■ **To do**
An exact repetition of the records is required. Leave nothing out.

■ **Source records**

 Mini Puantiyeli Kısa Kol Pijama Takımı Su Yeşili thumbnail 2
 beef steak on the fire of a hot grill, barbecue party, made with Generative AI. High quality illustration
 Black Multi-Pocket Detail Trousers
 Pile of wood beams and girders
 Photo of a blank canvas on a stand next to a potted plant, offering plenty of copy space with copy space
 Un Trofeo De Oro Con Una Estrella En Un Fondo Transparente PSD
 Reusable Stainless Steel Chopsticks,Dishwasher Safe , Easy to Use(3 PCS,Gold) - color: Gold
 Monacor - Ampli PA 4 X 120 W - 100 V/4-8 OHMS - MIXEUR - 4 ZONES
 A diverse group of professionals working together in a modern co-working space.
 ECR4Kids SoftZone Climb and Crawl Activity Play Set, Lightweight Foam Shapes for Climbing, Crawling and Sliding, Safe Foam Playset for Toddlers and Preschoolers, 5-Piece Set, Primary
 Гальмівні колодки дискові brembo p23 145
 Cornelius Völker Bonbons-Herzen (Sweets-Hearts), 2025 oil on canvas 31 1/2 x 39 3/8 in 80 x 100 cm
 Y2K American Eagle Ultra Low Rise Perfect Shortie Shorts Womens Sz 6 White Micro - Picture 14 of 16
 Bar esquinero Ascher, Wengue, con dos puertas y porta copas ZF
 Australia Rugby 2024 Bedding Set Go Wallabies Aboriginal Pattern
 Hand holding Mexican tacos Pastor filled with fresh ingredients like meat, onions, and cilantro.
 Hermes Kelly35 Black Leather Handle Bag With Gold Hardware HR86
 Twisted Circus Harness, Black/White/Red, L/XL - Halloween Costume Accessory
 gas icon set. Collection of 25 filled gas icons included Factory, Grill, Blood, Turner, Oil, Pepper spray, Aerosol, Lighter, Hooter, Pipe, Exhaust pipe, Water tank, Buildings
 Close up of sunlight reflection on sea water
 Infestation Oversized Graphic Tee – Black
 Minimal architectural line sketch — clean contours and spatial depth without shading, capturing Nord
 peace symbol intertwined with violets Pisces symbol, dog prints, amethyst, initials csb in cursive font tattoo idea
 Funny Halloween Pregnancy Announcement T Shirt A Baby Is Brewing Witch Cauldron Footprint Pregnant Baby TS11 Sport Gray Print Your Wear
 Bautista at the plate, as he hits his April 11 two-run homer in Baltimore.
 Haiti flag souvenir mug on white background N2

■ **Solution for this task**
 Mini Puantiyeli Kısa Kol Pijama Takımı Su Yeşili thumbnail 2
 beef steak on the fire of a hot grill, barbecue party, made with Generative AI. High quality illustration
 Black Multi-Pocket Detail Trousers
 Pile of wood beams and girders
 Photo of a blank canvas on a stand next to a potted plant, offering plenty of copy space with copy space
 Un Trofeo De Oro Con Una Estrella En Un Fondo Transparente PSD
 Reusable Stainless Steel Chopsticks,Dishwasher Safe , Easy to Use(3 PCS,Gold) - color: Gold
 Monacor - Ampli PA 4 X 120 W - 100 V/4-8 OHMS - MIXEUR - 4 ZONES
 A diverse group of professionals working together in a modern co-working space.
 ECR4Kids SoftZone Climb and Crawl Activity Play Set, Lightweight Foam Shapes for Climbing, Crawling and Sliding, Safe Foam Playset for Toddlers and Preschoolers, 5-Piece Set, Primary
 Гальмівні колодки дискові brembo p23 145
 Cornelius Völker Bonbons-Herzen (Sweets-Hearts), 2025 oil on canvas 31 1/2 x 39 3/8 in 80 x 100 cm
 Y2K American Eagle Ultra Low Rise Perfect Shortie Shorts Womens Sz 6 White Micro - Picture 14 of 16
 Bar esquinero Ascher, Wengue, con dos puertas y porta copas ZF
 Australia Rugby 2024 Bedding Set Go Wallabies Aboriginal Pattern
 Hand holding Mexican tacos Pastor filled with fresh ingredients like meat, onions, and cilantro.
 Hermes Kelly35 Black Leather Handle Bag With Gold Hardware HR86
 Twisted Circus Harness, Black/White/Red, L/XL - Halloween Costume Accessory
 gas icon set. Collection of 25 filled gas icons included Factory, Grill, Blood, Turner, Oil, Pepper spray, Aerosol, Lighter, Hooter, Pipe, Exhaust pipe, Water tank, Buildings
 Close up of sunlight reflection on sea water
 Infestation Oversized Graphic Tee – Black
 Minimal architectural line sketch — clean contours and spatial depth without shading, capturing Nord
 peace symbol intertwined with violets Pisces symbol, dog prints, amethyst, initials csb in cursive font tattoo idea
 Funny Halloween Pregnancy Announcement T Shirt A Baby Is Brewing Witch Cauldron Footprint Pregnant Baby TS11 Sport Gray Print Your Wear
 Bautista at the plate, as he hits his April 11 two-run homer in Baltimore.
 Haiti flag souvenir mug on white background N2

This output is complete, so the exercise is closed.